START Records to use

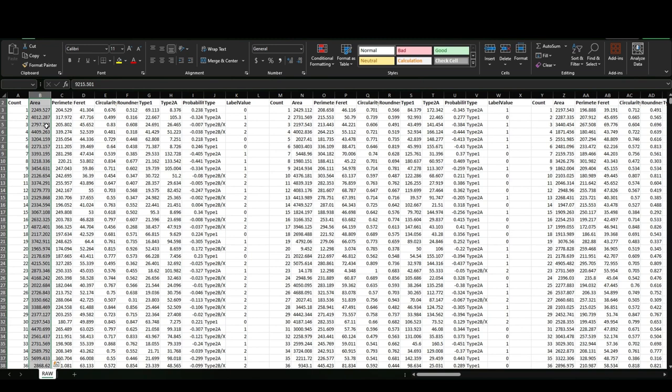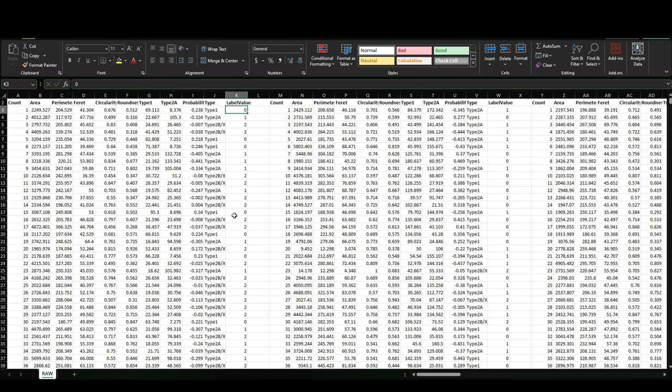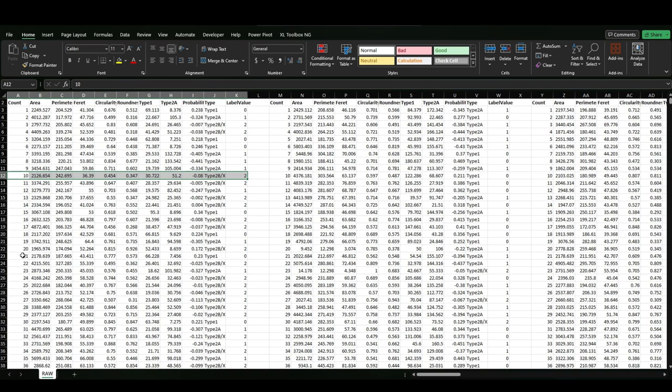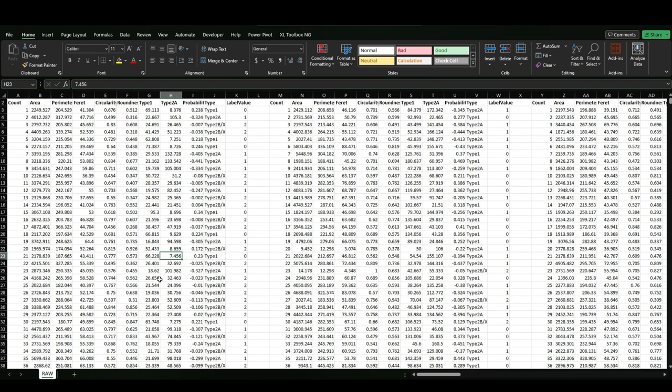You also have the fluorescence intensity and the fiber type that has been attributed, because we are on the third pipeline export. This is the label value that corresponds to the different type according to the previous column. So, as written and shown in our publication, the subtraction between the different fluorescence intensities for each fiber is able to give a putative fiber type.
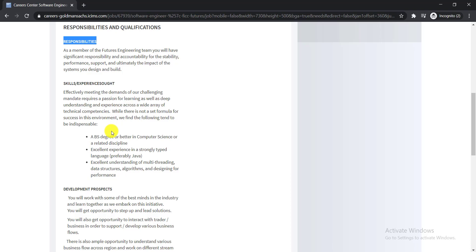So to apply for this job, you must need to have some skills and experience. What are these? Here, the very first one is a BS degree or better in computer science or related discipline.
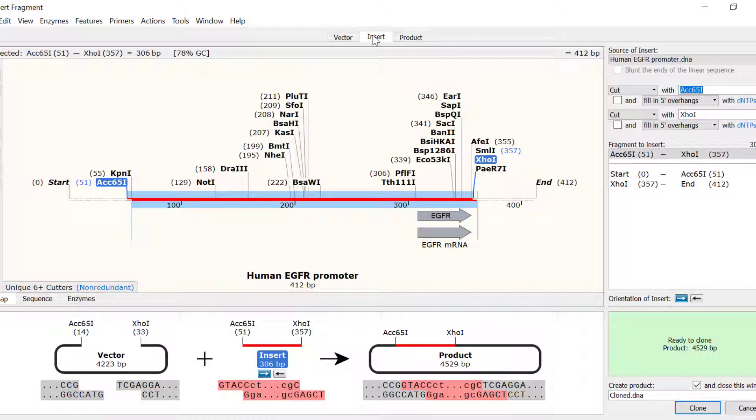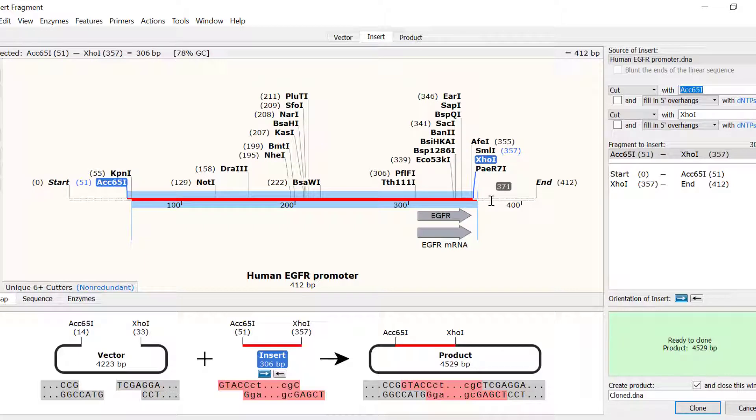For the insert, the parts that are coloured white indicate the region that will not be included in the cloning.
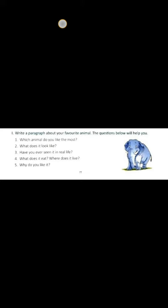Question number three: Have you ever seen it in real life? I have seen elephants in the zoo and also in the reserve forest.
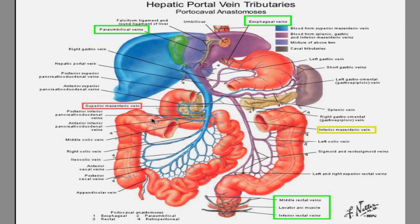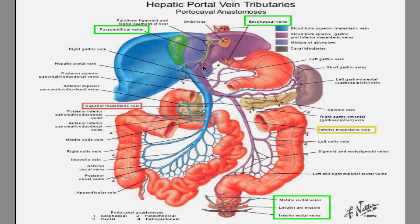I'm going to point out the most important structures. This looks like a busy slide, but overall you just have to know very few things, and once I go through, you'll get the hang of it by the end of this lecture. The first thing I want you to notice is the liver — you can see it has the right lobe and the left lobe. The green is the gallbladder.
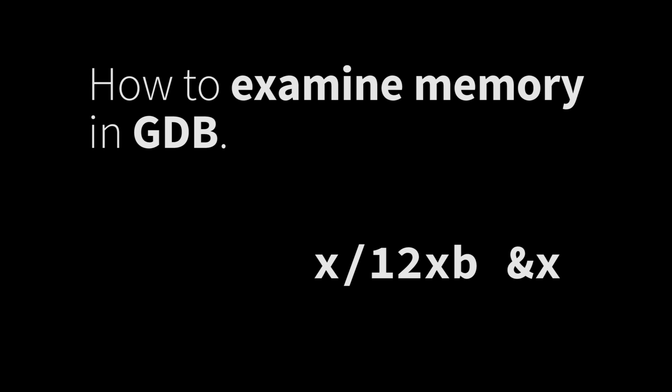Hey everybody, how you doing? The other day I did a short video about the basics of GDB. If you didn't see it, I'll link to it below in the description.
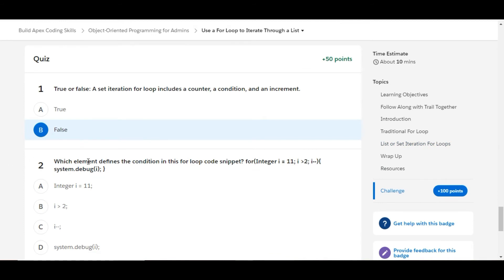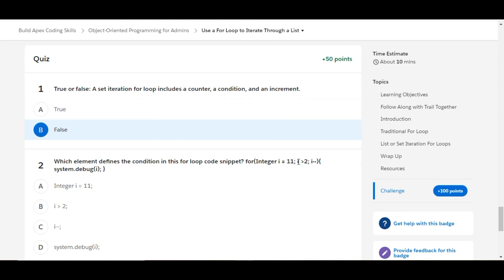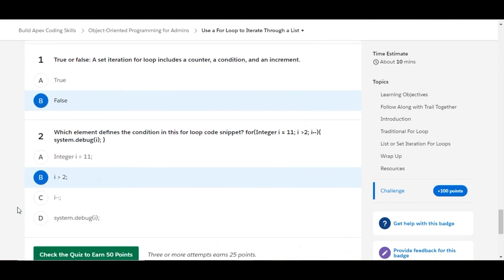Which element defines the condition in this for loop code snippet: int i = 11, i > 2, i--? This is an example of a traditional for loop which includes i = 11 as a counter, i > 2 as a condition, and i-- as an increment. So the condition in this for loop is i > 2. Therefore, B is the right answer for the second question.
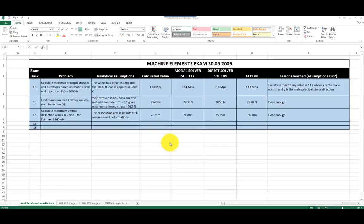At the end of this course I will do a physical test of this trailer suspension system and compare the physical measurements with these simulation results. Thanks for watching.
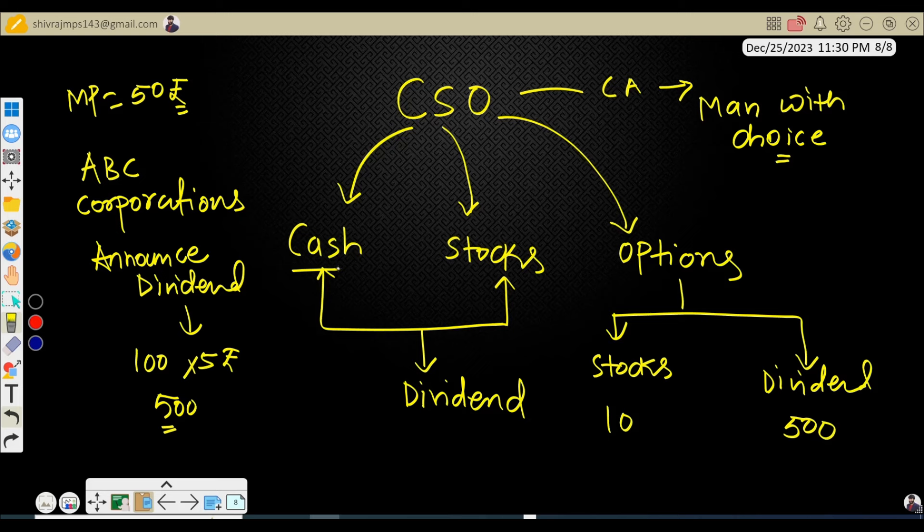When a company announces a dividend, everyone receives that dividend payout in cash — that is a mandatory event. But what if the same company asks you to choose your dividend option? That means the company is okay with two options: one is cash and another one is stocks.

END Records to use

What to work on: Would you give again, exactly, the lines in the data above that run from the line containing "Which element defines" to the line containing "At the end of"? Include both ends and no pictures.

Solution to the exercise:
Which element defines the condition in this for loop code snippet: int i = 11, i > 2, i--? This is an example of a traditional for loop which includes i = 11 as a counter, i > 2 as a condition, and i-- as an increment. So the condition in this for loop is i > 2. Therefore, B is the right answer for the second question.
At the end of this course I will do a physical test of this trailer suspension system and compare the physical measurements with these simulation results. Thanks for watching.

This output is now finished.